[Problem to work on]:
Line by line, retype the material exactly and leave each picture out.

-----

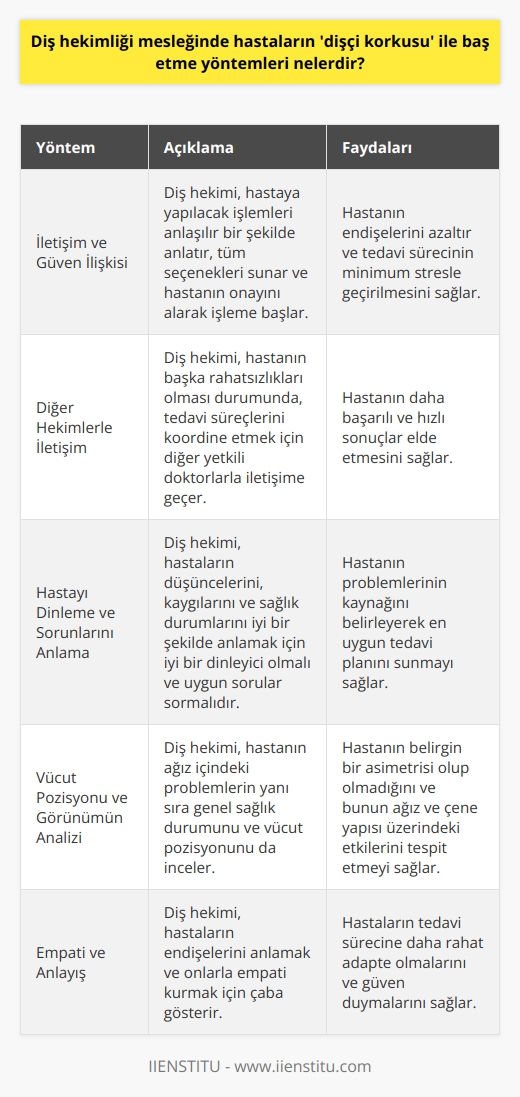 Diş Hekimliği Mesleğinde Hastaların Dişçi Korkusu ile Baş Etme Yöntemleri  İletişim Ve Güven İlişkisi Diş hekimliği mesleğinde, hasta ile doktor arasında sağlam bir iletişim ve güven ilişkisi kurmak oldukça önemlidir. Bu ilişki, özellikle hastaların dişçi korkusu denilen endişeleri ile başa çıkabilmeleri açısından büyük önem arz etmektedir. Diş hekimi, hastaya yapılacak işlemleri onun da anlayacağı şekilde anlatarak, tüm seçenekleri sunar ve kişinin onayını alarak işleme başlar. Bu süreçte hastayla sağlanan güven alışverişi, tedavi sürecinin minimum endişeyle geçirilmesine olanak tanır. Aksi durumda, hastanın dişçi korkusuyla baş etmesi daha zor olacağı gibi, doktor-hasta ilişkisinde de mutsuzluklar yaşanabilir.  Diğer Hekimlerle İletişim Diş hekiminin, diğer hekimlerle de iletişim kurabilmesi önemlidir. Özellikle hastanın başka bir rahatsızlığı olması durumunda, bu rahatsızlığa ilişkin tedavi süreçlerini koordine edebilmek adına diğer yetkili doktorlarla iletişime geçmek gerekmektedir. Bu sayede hasta, diş hekimiyle gerçekleştirdiği tedavi sürecinden daha başarılı ve hızlı sonuçlar elde edebilir.  Hastayı Dinleme ve Sorunlarını Anlama Diş hekimi, hastalarının düşüncelerini, kaygılarını ve sağlık durumlarını iyi bir şekilde anlayabilmenin önemini bilmelidir. Bu nedenle, hastalarıyla gerçekleştirdiği görüşmelerde oldukça iyi bir dinleyici olmalı ve onlara en uygun soruları yönelterek, gerekli tüm bilgilere ulaşabilmelidir. Bu sayede, diş hekimi, hastasının gerçekten neyden kaynaklanan bir probleme sahip olduğunu belirleyebilir ve ona en uygun tedavi planını sunabilir.  Vücut Pozisyonu ve Görünümün Analizi Diş hekimi, sadece hastanın ağız içindeki problemleri değil, aynı zamanda hastanın genel sağlık durumunu ve vücut pozisyonunu da incelemelidir. Bu inceleme sayesinde, hastanın belirgin bir asimetrisi olup olmadığı ve bu durumun özellikle ağız ve çene yapısı üzerinde ne gibi etkileri olabileceği daha kolay anlaşılabilir. Bu tür durumlar, sadece ağız içine bakarak değil, aynı zamanda genel görünüm ve sağlık durumu analizi yapılarak tespit edilebilir.  Sonuç olarak, diş hekimliği mesleğinde hastaların dişçi korkusu ile başa çıkabilmeleri için doktor-hasta ilişkisinin önemi büyüktür. Bu ilişkide iyi bir iletişimin yanı sıra, hastaları dinlemek ve onların görünüşünü ve sağlık durumunu dikkatlice analiz etmek, hastaların endişelerini daha iyi anlamak ve gerçekleştirilecek tedavi süreçlerine güvenli bir şekilde adapte olabilmeleri adına oldukça önemlidir.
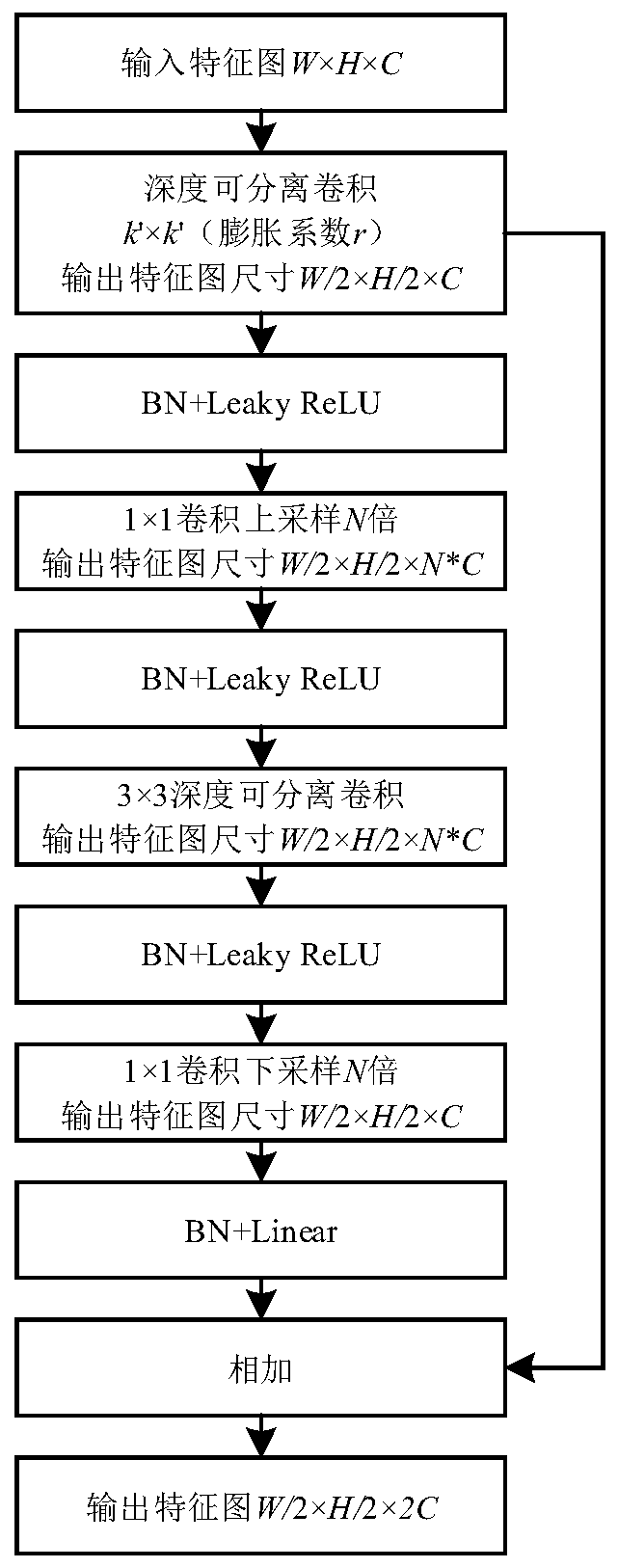 Airborne photoelectric video target intelligent detection and identification method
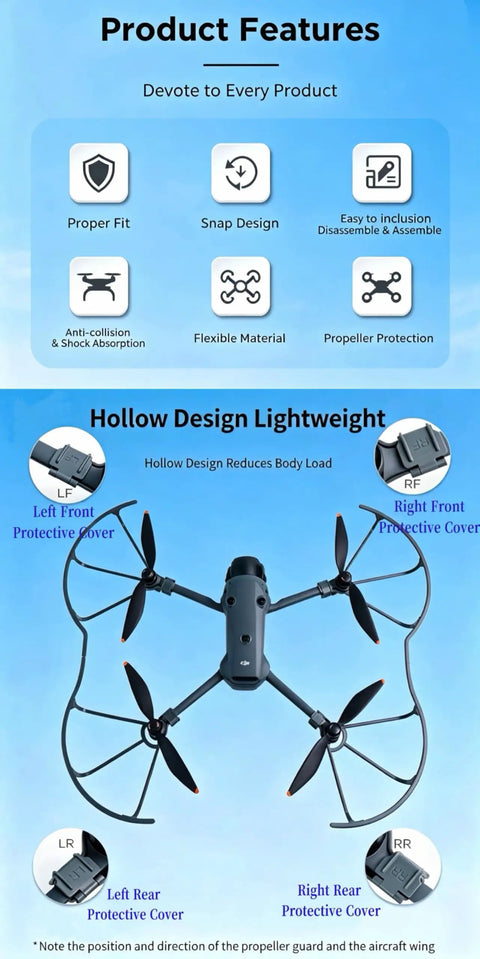 Image showing all in one drone protection kit with landing gear propeller guard lens cover and 9H tempered glass for Mavic 4 Pro.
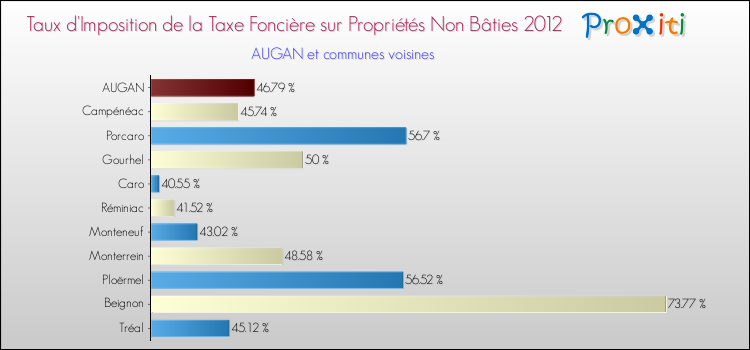 Taux d'imposition de la taxe foncière sur les immeubles et terrains non batis 2012 pour AUGAN et les communes proches Comparaison des taux d'imposition de la taxe foncière sur les immeubles et terrains non batis 2012 pour AUGAN et les communes voisines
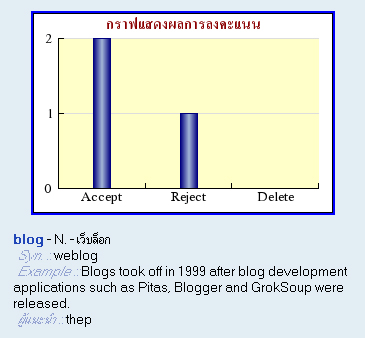 รูปตัวอย่างกราฟแสดงผลการลงคะแนน รูปตัวอย่างกราฟแสดงผลการลงคะแนน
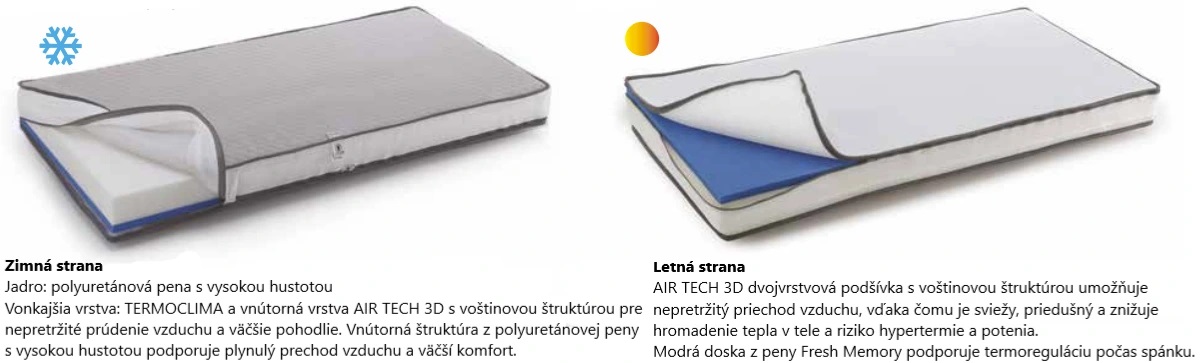 Dětská matrace Air Tech 3D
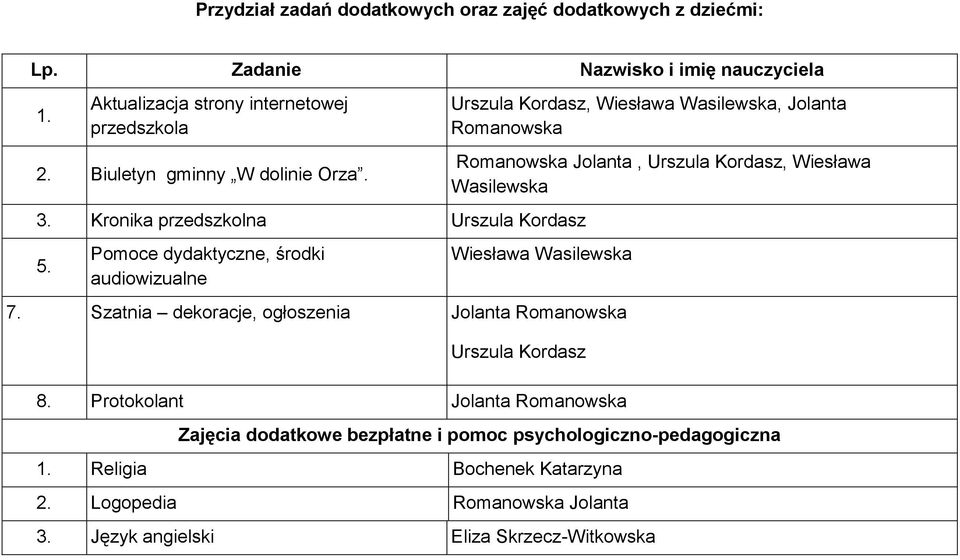 Pomoce dydaktyczne, środki audiowizualne Urszula Kordasz, Wiesława Wasilewska, Jolanta Romanowska Romanowska Jolanta, Urszula Kordasz, Wiesława Wasilewska Wiesława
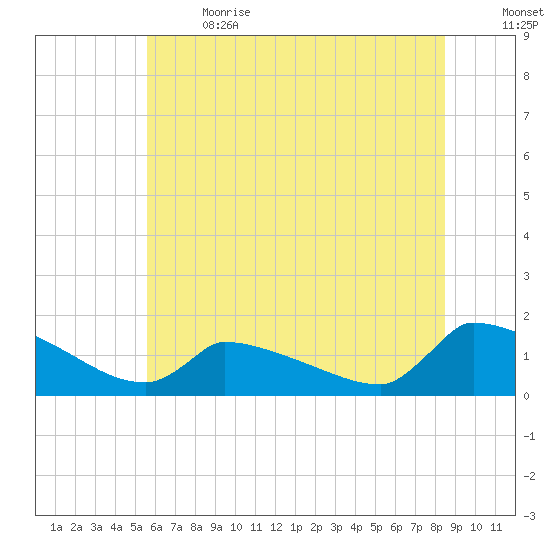 Keydash tide chart for Wednesday, June 21, 2023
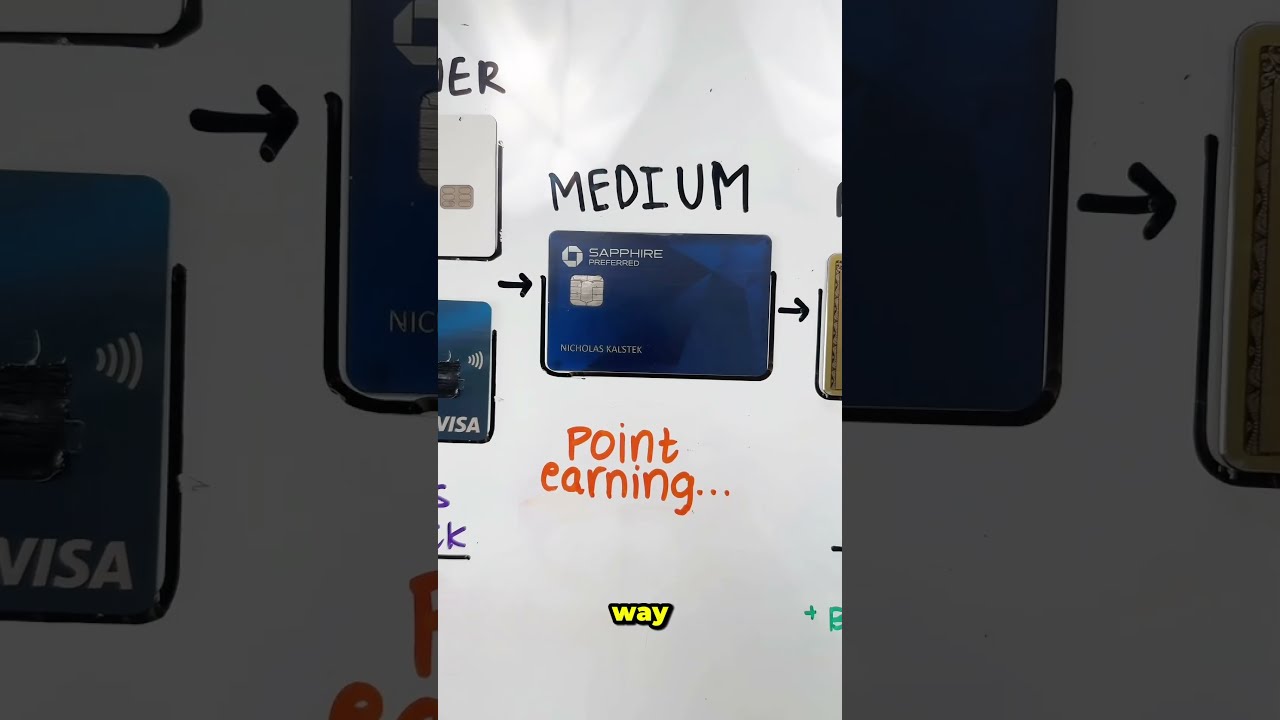 HERES Exactly How To Get The Best Credit Cards Creditcard Money Creditcardtips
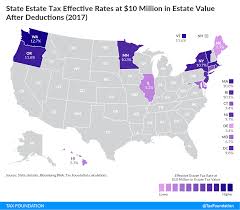 State Inheritance And Estate Taxes Rates Economic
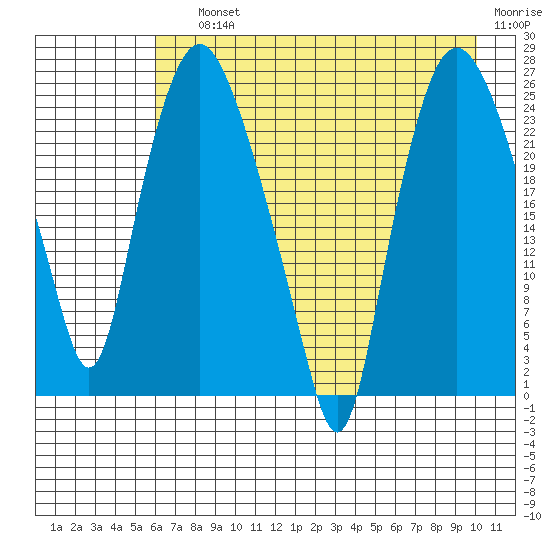 Fire Island tide chart for Saturday, August 13, 2022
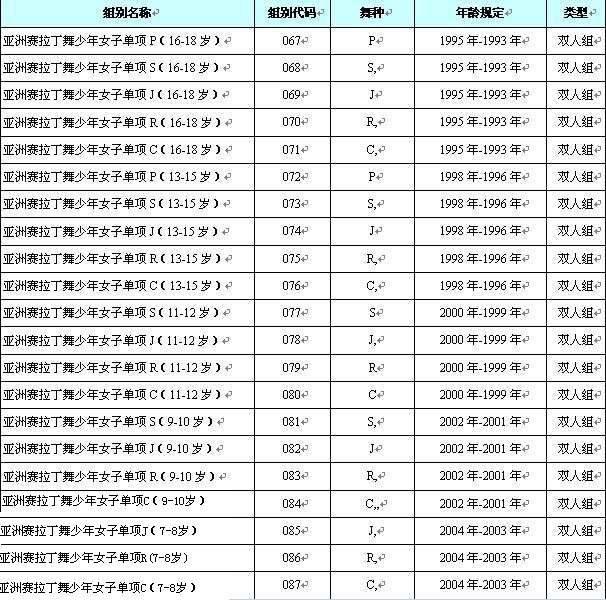 2012中国杭州国际摩登舞、拉丁舞世界公开赛比赛规程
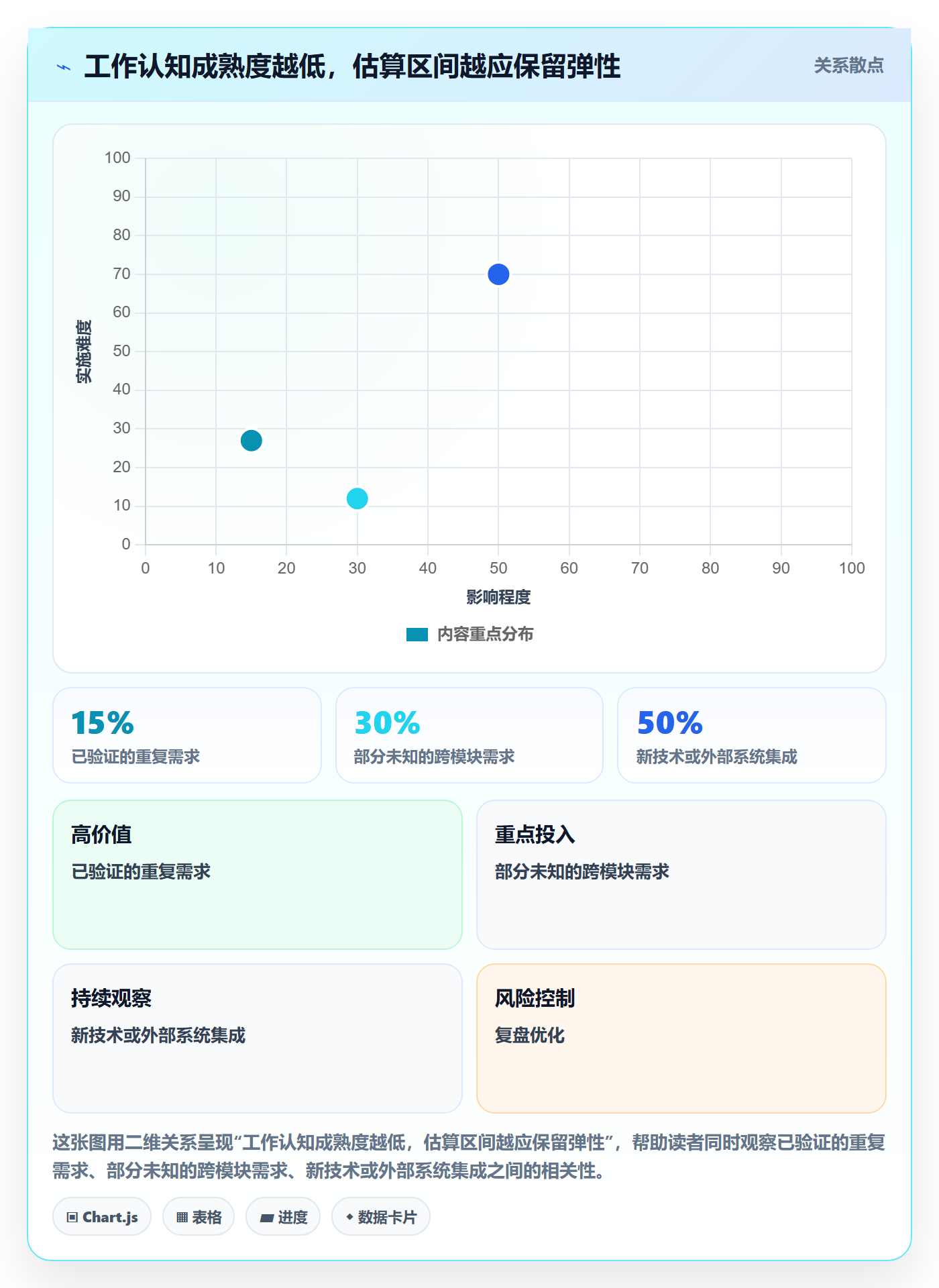 版本计划怎么做?研发团队实操方法:版本管理从0到1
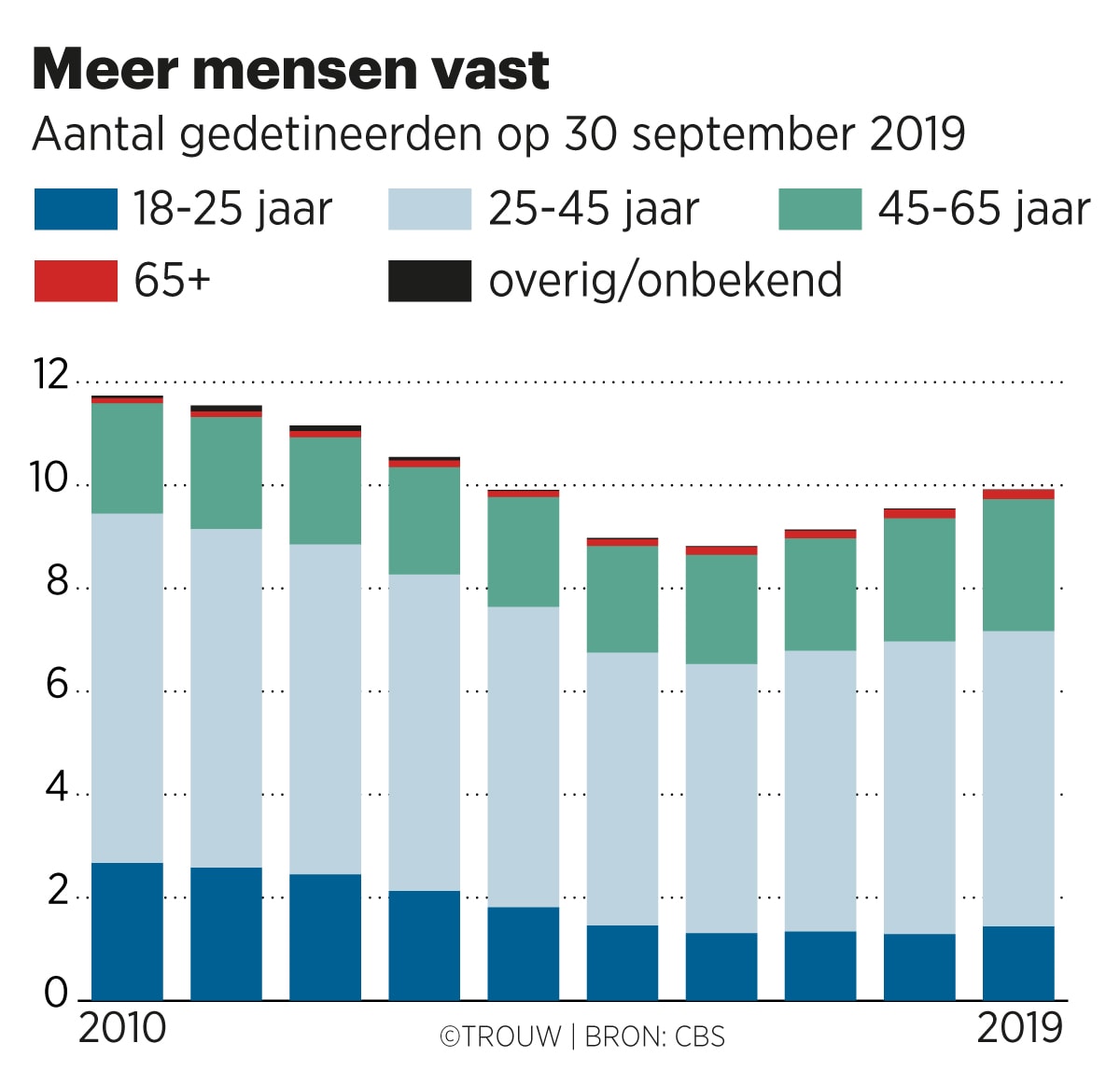 aantal gevangenissen nederland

-----

[Solution for this problem]:
 Diş Hekimliği Mesleğinde Hastaların Dişçi Korkusu ile Baş Etme Yöntemleri  İletişim Ve Güven İlişkisi Diş hekimliği mesleğinde, hasta ile doktor arasında sağlam bir iletişim ve güven ilişkisi kurmak oldukça önemlidir. Bu ilişki, özellikle hastaların dişçi korkusu denilen endişeleri ile başa çıkabilmeleri açısından büyük önem arz etmektedir. Diş hekimi, hastaya yapılacak işlemleri onun da anlayacağı şekilde anlatarak, tüm seçenekleri sunar ve kişinin onayını alarak işleme başlar. Bu süreçte hastayla sağlanan güven alışverişi, tedavi sürecinin minimum endişeyle geçirilmesine olanak tanır. Aksi durumda, hastanın dişçi korkusuyla baş etmesi daha zor olacağı gibi, doktor-hasta ilişkisinde de mutsuzluklar yaşanabilir.  Diğer Hekimlerle İletişim Diş hekiminin, diğer hekimlerle de iletişim kurabilmesi önemlidir. Özellikle hastanın başka bir rahatsızlığı olması durumunda, bu rahatsızlığa ilişkin tedavi süreçlerini koordine edebilmek adına diğer yetkili doktorlarla iletişime geçmek gerekmektedir. Bu sayede hasta, diş hekimiyle gerçekleştirdiği tedavi sürecinden daha başarılı ve hızlı sonuçlar elde edebilir.  Hastayı Dinleme ve Sorunlarını Anlama Diş hekimi, hastalarının düşüncelerini, kaygılarını ve sağlık durumlarını iyi bir şekilde anlayabilmenin önemini bilmelidir. Bu nedenle, hastalarıyla gerçekleştirdiği görüşmelerde oldukça iyi bir dinleyici olmalı ve onlara en uygun soruları yönelterek, gerekli tüm bilgilere ulaşabilmelidir. Bu sayede, diş hekimi, hastasının gerçekten neyden kaynaklanan bir probleme sahip olduğunu belirleyebilir ve ona en uygun tedavi planını sunabilir.  Vücut Pozisyonu ve Görünümün Analizi Diş hekimi, sadece hastanın ağız içindeki problemleri değil, aynı zamanda hastanın genel sağlık durumunu ve vücut pozisyonunu da incelemelidir. Bu inceleme sayesinde, hastanın belirgin bir asimetrisi olup olmadığı ve bu durumun özellikle ağız ve çene yapısı üzerinde ne gibi etkileri olabileceği daha kolay anlaşılabilir. Bu tür durumlar, sadece ağız içine bakarak değil, aynı zamanda genel görünüm ve sağlık durumu analizi yapılarak tespit edilebilir.  Sonuç olarak, diş hekimliği mesleğinde hastaların dişçi korkusu ile başa çıkabilmeleri için doktor-hasta ilişkisinin önemi büyüktür. Bu ilişkide iyi bir iletişimin yanı sıra, hastaları dinlemek ve onların görünüşünü ve sağlık durumunu dikkatlice analiz etmek, hastaların endişelerini daha iyi anlamak ve gerçekleştirilecek tedavi süreçlerine güvenli bir şekilde adapte olabilmeleri adına oldukça önemlidir.
 Airborne photoelectric video target intelligent detection and identification method
 Image showing all in one drone protection kit with landing gear propeller guard lens cover and 9H tempered glass for Mavic 4 Pro.
 Taux d'imposition de la taxe foncière sur les immeubles et terrains non batis 2012 pour AUGAN et les communes proches Comparaison des taux d'imposition de la taxe foncière sur les immeubles et terrains non batis 2012 pour AUGAN et les communes voisines
 รูปตัวอย่างกราฟแสดงผลการลงคะแนน รูปตัวอย่างกราฟแสดงผลการลงคะแนน
 Dětská matrace Air Tech 3D
 Pomoce dydaktyczne, środki audiowizualne Urszula Kordasz, Wiesława Wasilewska, Jolanta Romanowska Romanowska Jolanta, Urszula Kordasz, Wiesława Wasilewska Wiesława
 Keydash tide chart for Wednesday, June 21, 2023
 HERES Exactly How To Get The Best Credit Cards Creditcard Money Creditcardtips
 State Inheritance And Estate Taxes Rates Economic
 Fire Island tide chart for Saturday, August 13, 2022
 2012中国杭州国际摩登舞、拉丁舞世界公开赛比赛规程
 版本计划怎么做?研发团队实操方法:版本管理从0到1
 aantal gevangenissen nederland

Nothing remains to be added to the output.